Neben VW mit der Tochter Seat investierten damals vor allem GM/Opel und Ford – später auch Mitsubishi, Nissan und Toyota – im großen Maßstab auf der iberischen Halbinsel. Doch inzwischen haben sich die dortigen Standortvorteile relativiert; die VW-Tochter Seat ist sogar existentiell gefährdet. Im Zeitraum 1999 bis 2012 ging die gesamte Kfz-Fertigung in Spanien von 2,8 Millionen auf 1,9 Millionen oder um gut 30 Prozent zurück. In Portugal ging die Kfz-Fertigung im gleichen Zeitraum von 252.000 auf 163.000 zurück (−35%). In Frankreich und Italien ist der Rückgang der Autofertigung nochmals größer – im westlichen Nachbarland sank er von 3,2 Millionen 1999 auf 1,9 Millionen 2012; im Süden, in Italien, von 1,7 Millionen auf 671.800, was Rückgängen von knapp 40 bzw. von 60 Prozent entspricht.
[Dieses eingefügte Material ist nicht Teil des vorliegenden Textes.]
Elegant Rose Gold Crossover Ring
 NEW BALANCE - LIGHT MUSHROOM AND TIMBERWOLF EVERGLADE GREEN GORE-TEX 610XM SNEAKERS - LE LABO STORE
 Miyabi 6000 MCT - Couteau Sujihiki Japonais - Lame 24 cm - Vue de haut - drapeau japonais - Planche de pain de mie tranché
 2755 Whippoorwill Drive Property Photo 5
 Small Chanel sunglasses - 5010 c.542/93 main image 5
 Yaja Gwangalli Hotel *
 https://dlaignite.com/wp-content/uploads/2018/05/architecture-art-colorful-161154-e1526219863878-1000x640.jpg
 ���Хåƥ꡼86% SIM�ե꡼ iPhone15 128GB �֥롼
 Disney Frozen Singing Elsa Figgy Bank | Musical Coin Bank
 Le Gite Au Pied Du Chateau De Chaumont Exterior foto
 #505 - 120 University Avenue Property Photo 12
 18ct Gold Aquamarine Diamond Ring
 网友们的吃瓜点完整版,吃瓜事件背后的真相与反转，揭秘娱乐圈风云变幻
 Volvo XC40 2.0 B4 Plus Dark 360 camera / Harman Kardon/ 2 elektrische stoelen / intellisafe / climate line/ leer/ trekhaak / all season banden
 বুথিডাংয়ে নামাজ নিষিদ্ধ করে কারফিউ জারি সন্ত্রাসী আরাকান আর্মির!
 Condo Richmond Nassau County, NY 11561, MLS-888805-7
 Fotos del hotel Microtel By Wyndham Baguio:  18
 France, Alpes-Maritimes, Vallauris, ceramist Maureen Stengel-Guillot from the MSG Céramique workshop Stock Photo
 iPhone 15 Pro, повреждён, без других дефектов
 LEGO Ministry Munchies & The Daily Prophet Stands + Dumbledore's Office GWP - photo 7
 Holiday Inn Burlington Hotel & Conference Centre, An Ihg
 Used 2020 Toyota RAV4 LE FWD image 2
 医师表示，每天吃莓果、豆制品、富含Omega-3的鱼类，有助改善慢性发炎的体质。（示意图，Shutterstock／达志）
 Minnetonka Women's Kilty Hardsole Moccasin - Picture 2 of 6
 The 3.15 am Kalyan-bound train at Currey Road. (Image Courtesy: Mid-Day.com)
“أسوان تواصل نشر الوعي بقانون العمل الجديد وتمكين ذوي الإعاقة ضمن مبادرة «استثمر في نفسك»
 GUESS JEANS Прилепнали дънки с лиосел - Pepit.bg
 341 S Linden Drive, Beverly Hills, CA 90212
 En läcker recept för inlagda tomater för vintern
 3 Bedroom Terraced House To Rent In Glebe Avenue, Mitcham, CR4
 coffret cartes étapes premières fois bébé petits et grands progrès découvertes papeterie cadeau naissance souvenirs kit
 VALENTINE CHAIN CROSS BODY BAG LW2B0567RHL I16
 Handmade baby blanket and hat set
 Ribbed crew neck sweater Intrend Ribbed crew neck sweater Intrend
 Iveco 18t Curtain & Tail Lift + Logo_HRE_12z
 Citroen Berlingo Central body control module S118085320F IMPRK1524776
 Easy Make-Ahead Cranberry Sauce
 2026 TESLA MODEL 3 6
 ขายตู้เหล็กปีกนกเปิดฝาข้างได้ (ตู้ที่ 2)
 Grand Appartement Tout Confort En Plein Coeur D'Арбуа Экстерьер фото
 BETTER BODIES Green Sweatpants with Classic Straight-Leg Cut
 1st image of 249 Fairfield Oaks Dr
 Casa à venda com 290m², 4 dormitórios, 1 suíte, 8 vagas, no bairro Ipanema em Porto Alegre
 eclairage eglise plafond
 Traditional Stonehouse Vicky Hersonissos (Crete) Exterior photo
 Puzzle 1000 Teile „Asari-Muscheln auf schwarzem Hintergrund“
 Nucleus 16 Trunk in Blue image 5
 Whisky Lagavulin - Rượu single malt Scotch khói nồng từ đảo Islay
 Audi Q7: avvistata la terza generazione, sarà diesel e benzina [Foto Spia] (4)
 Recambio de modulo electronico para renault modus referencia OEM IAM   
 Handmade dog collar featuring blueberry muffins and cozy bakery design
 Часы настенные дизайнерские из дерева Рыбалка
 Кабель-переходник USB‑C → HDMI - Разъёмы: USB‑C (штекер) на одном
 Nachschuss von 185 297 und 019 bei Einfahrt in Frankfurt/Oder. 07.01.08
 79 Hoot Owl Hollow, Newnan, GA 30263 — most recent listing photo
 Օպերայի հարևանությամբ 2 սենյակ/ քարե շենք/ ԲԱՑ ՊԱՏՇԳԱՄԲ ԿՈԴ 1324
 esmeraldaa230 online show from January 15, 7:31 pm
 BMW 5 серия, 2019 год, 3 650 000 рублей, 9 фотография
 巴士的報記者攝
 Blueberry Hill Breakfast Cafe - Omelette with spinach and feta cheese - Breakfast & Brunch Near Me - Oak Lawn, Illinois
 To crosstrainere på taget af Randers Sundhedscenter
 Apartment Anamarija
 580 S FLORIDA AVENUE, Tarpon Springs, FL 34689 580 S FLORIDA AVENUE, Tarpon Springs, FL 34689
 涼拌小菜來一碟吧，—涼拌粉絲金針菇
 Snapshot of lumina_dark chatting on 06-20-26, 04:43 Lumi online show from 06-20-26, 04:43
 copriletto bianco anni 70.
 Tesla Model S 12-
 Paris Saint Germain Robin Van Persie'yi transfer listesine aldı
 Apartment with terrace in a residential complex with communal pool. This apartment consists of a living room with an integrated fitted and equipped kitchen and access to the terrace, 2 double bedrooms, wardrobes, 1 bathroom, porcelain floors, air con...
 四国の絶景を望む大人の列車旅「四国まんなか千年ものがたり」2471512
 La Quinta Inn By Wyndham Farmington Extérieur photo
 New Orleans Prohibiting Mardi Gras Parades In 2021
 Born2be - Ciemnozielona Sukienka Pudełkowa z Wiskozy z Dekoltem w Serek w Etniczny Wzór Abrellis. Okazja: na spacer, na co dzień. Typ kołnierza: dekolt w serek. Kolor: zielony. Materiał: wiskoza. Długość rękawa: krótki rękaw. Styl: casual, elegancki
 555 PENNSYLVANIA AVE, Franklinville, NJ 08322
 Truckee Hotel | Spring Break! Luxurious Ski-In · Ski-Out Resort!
Nur in Deutschland konnte das Niveau gehalten werden, was mit der Struktur der hier gefertigten Pkw – überwiegend sogenannte Premium-Autos – und mit dem überdurchschnittlich hohen Export zusammenhängt.
Vieles spricht dafür, dass sich diese Wanderungsbewegungen in dem Maß fortsetzen werden, wie die extrem niedrigen Löhne in den klassischen osteuropäischen Ländern mit Autofertigung steigen. Opel prüft aktuell die Fertigung des Kleinwagens Corsa in Minsk in Weißrussland. Dafür sollen zunächst Montagebausätze aus den GM-Werken in Saragossa (Spanien) und Eisenach nach Weißrussland geliefert werden. Aber auch der Kapitalwanderweg zurück in den Süden ist vorstellbar: So sank als Folge der Troika-Politik in Portugal und Spanien das Lohnniveau drastisch, während zugleich die Arbeitsintensivierung stieg und die Arbeit sich verlängerte, sodass Autokonzerne wie VW eine Neubewertung ihres Engagements auf de iberischen Halbinsel prüfen.
1. Es gibt auch innerhalb der USA eine relevante Wanderung der Autoindustrie aus dem Norden in den Süden – mit massiver Beteiligung deutscher Konzerne. Daimler baute Mitte der 1990er Jahre in Tuscaloosa im Bundessstaat Alabama ein Autowerk. BMW folgte kurz darauf mit einem Werk in Spartanburg im US-Bundesstaat South Carolina. Ein Jahrzehnt später zog VW ein neues Werk in Chattanooga im US-Bundesstaat Tennessee, hoch. Die Werke der drei deutschen Hersteller liegen relativ nah beieinander – allesamt im sogenannten Bibel-Gürtel der USA.
2. Es ist oft nicht ganz einfach, das jeweilige Gewicht der Autofertigung im entsprechenden Land richtig einzuschätzen. Denn der Output nach Kfz und Pkw ist nicht immer allein entscheidend. Das verdeutlicht ein Vergleich zwischen der Slowakei und Tschechien. So wurden beispielsweise 2008 in der tschechischen Autobranche 12 Milliarden Euro umgesetzt, in der slowakischen waren es 8,7 Milliarden Euro; letzteres entsprach 72 Prozent des Niveaus im größeren Nachbarland. In der Herstellerstatistik werden allerdings für Tschechien im selben Jahr 939.000 gefertigte Kfz genannt, für die Slowakei nur 571000, was 61 Prozent entspricht. Die Differenz rührt vor allem daher, dass in der slowakischen Republik eine starke Motorenfertigung entstand, die jedoch überwiegend als Zulieferer für Werke in anderen Ländern fungiert und sich nicht im Endprodukt Kfz niederschlägt.